YOUR INSTRUCTIONS — Only the lines below starting at the one that contains "QYGL Gemmes de" and ending at the one that contains "female business owner" are to be reproduced, exactly and with both ends kept.

LISTED ENTRIES —
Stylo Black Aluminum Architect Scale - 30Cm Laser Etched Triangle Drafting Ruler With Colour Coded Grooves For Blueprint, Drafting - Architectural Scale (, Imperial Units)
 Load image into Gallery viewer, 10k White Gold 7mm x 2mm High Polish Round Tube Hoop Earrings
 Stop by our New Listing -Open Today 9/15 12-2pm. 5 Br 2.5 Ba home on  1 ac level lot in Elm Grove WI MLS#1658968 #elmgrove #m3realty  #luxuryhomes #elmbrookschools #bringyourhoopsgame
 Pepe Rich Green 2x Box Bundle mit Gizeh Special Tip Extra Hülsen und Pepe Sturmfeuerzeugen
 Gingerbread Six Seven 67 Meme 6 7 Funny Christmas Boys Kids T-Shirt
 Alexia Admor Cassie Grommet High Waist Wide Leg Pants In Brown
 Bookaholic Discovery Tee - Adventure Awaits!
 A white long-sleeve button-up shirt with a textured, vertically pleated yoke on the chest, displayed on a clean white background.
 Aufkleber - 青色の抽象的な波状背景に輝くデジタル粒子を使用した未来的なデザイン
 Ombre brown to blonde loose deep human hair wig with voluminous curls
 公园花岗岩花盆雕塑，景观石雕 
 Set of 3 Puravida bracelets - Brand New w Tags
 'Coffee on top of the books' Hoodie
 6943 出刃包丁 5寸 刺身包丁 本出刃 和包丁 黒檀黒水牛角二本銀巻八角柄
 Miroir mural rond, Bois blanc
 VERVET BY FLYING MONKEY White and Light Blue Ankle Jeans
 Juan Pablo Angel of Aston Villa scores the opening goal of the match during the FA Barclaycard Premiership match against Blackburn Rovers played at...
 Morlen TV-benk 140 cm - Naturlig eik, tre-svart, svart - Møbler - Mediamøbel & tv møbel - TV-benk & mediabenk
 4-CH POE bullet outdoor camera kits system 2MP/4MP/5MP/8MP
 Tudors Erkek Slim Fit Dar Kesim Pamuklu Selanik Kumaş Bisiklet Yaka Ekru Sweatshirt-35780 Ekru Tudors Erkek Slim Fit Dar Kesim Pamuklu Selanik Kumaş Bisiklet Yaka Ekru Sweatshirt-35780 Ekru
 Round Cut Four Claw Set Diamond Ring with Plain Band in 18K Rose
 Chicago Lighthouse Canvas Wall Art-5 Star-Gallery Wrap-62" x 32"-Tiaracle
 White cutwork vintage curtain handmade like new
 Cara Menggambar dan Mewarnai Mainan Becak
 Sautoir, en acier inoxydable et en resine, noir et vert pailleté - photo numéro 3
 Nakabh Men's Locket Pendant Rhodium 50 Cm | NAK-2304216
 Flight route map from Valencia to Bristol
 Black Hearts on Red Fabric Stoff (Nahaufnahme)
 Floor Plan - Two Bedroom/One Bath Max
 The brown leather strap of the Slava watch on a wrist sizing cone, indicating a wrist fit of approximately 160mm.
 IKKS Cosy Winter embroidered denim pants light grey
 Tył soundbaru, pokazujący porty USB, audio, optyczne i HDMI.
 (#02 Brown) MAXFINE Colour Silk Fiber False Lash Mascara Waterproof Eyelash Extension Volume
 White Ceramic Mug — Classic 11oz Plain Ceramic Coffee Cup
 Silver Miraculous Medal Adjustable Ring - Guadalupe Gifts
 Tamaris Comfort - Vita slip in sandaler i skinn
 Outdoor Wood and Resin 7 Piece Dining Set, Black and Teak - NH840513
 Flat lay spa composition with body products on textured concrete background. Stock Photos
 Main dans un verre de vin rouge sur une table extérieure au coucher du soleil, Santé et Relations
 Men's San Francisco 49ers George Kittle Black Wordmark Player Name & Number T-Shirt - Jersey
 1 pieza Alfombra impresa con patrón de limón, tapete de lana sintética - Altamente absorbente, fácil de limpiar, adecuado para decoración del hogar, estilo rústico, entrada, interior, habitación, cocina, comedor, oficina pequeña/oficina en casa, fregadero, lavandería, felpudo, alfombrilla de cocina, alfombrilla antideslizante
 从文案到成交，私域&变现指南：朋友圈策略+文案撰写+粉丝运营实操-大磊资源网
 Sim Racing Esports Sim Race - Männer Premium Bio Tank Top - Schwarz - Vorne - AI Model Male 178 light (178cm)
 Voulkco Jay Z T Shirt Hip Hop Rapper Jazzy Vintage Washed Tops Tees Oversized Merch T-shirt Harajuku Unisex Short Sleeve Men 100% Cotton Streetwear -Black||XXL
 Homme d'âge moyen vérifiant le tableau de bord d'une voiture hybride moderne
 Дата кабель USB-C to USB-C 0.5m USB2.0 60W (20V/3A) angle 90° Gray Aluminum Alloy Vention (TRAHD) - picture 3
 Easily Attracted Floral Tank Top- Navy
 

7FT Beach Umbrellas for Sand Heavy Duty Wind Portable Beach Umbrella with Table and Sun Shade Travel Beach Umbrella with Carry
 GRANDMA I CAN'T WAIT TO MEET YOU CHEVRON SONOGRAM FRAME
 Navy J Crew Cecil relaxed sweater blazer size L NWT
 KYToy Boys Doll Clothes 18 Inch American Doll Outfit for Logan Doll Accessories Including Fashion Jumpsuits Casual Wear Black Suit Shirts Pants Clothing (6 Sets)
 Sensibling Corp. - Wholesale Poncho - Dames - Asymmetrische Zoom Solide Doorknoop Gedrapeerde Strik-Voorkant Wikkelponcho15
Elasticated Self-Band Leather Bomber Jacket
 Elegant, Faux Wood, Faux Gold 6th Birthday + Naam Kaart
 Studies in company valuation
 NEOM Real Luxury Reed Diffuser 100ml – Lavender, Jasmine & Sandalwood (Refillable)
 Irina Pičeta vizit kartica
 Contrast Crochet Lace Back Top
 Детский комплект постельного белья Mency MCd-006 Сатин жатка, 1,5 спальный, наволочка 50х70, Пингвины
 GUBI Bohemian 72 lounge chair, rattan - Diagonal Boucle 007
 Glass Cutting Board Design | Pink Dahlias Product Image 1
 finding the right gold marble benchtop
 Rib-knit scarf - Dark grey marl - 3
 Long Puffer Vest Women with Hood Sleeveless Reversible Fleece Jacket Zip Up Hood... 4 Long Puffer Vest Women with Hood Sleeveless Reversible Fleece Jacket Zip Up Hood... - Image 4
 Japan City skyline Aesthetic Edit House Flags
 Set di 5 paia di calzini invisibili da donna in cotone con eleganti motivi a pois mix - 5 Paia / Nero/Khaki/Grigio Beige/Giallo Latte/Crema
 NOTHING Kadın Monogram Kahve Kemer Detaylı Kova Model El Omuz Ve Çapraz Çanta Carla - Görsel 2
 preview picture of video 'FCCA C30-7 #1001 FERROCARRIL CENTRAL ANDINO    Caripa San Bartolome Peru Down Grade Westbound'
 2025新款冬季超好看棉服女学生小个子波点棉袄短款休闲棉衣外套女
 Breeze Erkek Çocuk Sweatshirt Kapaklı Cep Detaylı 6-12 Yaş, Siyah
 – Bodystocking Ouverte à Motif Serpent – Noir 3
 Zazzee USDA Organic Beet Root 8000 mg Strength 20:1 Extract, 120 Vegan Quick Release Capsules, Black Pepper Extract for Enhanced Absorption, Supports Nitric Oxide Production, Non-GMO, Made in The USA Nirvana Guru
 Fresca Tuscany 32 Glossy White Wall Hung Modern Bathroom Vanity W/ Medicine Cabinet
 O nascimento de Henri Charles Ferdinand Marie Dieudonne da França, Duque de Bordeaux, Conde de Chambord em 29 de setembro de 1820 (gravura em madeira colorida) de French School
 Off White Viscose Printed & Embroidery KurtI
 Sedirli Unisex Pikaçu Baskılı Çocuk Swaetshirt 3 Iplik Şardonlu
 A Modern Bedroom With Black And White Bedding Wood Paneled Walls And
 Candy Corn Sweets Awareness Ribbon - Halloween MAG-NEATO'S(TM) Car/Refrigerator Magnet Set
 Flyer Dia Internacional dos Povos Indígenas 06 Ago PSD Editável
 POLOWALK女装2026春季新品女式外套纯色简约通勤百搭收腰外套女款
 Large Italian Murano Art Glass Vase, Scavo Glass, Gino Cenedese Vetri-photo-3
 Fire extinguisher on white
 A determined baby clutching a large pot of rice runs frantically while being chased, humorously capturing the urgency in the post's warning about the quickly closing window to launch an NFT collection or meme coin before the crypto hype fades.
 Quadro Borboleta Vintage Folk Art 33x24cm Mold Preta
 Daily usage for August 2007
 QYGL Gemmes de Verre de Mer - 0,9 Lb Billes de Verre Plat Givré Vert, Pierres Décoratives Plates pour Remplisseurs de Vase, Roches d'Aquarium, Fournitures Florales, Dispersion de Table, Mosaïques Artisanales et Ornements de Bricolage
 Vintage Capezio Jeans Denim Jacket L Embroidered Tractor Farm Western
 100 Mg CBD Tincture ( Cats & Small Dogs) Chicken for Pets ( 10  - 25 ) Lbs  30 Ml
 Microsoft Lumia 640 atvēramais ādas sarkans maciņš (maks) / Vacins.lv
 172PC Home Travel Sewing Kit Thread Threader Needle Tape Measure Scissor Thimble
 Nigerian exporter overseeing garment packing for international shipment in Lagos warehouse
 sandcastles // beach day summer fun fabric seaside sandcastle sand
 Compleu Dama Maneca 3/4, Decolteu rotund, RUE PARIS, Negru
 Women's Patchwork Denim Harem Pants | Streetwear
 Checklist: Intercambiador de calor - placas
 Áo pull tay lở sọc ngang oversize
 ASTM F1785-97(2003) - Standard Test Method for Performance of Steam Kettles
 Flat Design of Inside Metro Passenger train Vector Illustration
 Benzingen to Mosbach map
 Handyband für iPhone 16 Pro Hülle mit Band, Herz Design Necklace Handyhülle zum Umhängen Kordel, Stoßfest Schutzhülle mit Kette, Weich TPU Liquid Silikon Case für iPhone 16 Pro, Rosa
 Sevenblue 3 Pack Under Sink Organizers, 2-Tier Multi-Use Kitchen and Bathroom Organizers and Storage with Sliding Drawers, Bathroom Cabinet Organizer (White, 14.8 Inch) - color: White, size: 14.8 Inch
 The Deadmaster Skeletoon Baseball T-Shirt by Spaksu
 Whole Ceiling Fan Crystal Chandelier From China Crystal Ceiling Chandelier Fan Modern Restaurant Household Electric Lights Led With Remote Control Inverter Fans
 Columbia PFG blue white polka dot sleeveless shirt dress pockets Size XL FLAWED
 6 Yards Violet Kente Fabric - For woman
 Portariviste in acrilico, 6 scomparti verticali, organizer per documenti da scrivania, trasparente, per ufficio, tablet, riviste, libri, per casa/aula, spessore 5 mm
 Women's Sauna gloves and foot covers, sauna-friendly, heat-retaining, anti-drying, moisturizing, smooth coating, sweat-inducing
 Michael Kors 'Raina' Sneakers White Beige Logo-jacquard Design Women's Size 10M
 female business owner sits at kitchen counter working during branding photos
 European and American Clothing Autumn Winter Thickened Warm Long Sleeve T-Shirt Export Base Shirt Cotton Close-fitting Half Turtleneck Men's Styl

SOLUTION BELOW —
 QYGL Gemmes de Verre de Mer - 0,9 Lb Billes de Verre Plat Givré Vert, Pierres Décoratives Plates pour Remplisseurs de Vase, Roches d'Aquarium, Fournitures Florales, Dispersion de Table, Mosaïques Artisanales et Ornements de Bricolage
 Vintage Capezio Jeans Denim Jacket L Embroidered Tractor Farm Western
 100 Mg CBD Tincture ( Cats & Small Dogs) Chicken for Pets ( 10  - 25 ) Lbs  30 Ml
 Microsoft Lumia 640 atvēramais ādas sarkans maciņš (maks) / Vacins.lv
 172PC Home Travel Sewing Kit Thread Threader Needle Tape Measure Scissor Thimble
 Nigerian exporter overseeing garment packing for international shipment in Lagos warehouse
 sandcastles // beach day summer fun fabric seaside sandcastle sand
 Compleu Dama Maneca 3/4, Decolteu rotund, RUE PARIS, Negru
 Women's Patchwork Denim Harem Pants | Streetwear
 Checklist: Intercambiador de calor - placas
 Áo pull tay lở sọc ngang oversize
 ASTM F1785-97(2003) - Standard Test Method for Performance of Steam Kettles
 Flat Design of Inside Metro Passenger train Vector Illustration
 Benzingen to Mosbach map
 Handyband für iPhone 16 Pro Hülle mit Band, Herz Design Necklace Handyhülle zum Umhängen Kordel, Stoßfest Schutzhülle mit Kette, Weich TPU Liquid Silikon Case für iPhone 16 Pro, Rosa
 Sevenblue 3 Pack Under Sink Organizers, 2-Tier Multi-Use Kitchen and Bathroom Organizers and Storage with Sliding Drawers, Bathroom Cabinet Organizer (White, 14.8 Inch) - color: White, size: 14.8 Inch
 The Deadmaster Skeletoon Baseball T-Shirt by Spaksu
 Whole Ceiling Fan Crystal Chandelier From China Crystal Ceiling Chandelier Fan Modern Restaurant Household Electric Lights Led With Remote Control Inverter Fans
 Columbia PFG blue white polka dot sleeveless shirt dress pockets Size XL FLAWED
 6 Yards Violet Kente Fabric - For woman
 Portariviste in acrilico, 6 scomparti verticali, organizer per documenti da scrivania, trasparente, per ufficio, tablet, riviste, libri, per casa/aula, spessore 5 mm
 Women's Sauna gloves and foot covers, sauna-friendly, heat-retaining, anti-drying, moisturizing, smooth coating, sweat-inducing
 Michael Kors 'Raina' Sneakers White Beige Logo-jacquard Design Women's Size 10M
 female business owner sits at kitchen counter working during branding photos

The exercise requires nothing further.